- _Work item_: Going down the listing below, print exactly each line from the one with "JJ Nike Dunk Low Panda Size 8M/9.5W (NEW)" up to and including the one with "สกรีนช็อตจาก Sanatorium: Anthropocene", and skip the rest.

- _Data for processing_:
○ ○ ○ ○

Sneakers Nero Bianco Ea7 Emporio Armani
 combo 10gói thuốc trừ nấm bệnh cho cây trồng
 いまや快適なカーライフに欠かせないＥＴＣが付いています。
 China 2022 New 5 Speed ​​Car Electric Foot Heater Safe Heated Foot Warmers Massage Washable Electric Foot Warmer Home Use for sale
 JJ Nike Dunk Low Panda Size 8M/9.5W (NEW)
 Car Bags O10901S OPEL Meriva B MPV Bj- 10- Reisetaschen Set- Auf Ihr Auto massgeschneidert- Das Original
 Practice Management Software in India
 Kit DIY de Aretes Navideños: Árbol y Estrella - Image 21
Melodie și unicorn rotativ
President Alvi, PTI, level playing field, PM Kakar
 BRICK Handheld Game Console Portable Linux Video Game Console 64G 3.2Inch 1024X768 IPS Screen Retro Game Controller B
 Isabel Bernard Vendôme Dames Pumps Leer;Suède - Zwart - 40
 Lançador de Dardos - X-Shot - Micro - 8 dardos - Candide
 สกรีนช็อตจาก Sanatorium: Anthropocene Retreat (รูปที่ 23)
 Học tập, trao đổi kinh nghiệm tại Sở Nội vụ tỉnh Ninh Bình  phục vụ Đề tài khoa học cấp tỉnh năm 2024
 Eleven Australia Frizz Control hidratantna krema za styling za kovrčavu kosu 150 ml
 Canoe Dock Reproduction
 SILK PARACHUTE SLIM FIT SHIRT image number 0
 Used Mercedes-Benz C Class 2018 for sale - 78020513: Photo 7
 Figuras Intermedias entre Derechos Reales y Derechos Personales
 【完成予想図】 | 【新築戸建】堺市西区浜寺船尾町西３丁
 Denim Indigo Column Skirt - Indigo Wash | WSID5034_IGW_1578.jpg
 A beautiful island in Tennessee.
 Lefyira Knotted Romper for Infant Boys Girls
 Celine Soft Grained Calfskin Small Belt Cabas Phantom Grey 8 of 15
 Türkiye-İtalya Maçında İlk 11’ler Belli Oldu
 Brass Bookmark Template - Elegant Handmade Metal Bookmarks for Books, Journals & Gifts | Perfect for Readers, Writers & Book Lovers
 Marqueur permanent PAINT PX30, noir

○ ○ ○ ○

- _Reply to the task_:
 JJ Nike Dunk Low Panda Size 8M/9.5W (NEW)
 Car Bags O10901S OPEL Meriva B MPV Bj- 10- Reisetaschen Set- Auf Ihr Auto massgeschneidert- Das Original
 Practice Management Software in India
 Kit DIY de Aretes Navideños: Árbol y Estrella - Image 21
Melodie și unicorn rotativ
President Alvi, PTI, level playing field, PM Kakar
 BRICK Handheld Game Console Portable Linux Video Game Console 64G 3.2Inch 1024X768 IPS Screen Retro Game Controller B
 Isabel Bernard Vendôme Dames Pumps Leer;Suède - Zwart - 40
 Lançador de Dardos - X-Shot - Micro - 8 dardos - Candide
 สกรีนช็อตจาก Sanatorium: Anthropocene Retreat (รูปที่ 23)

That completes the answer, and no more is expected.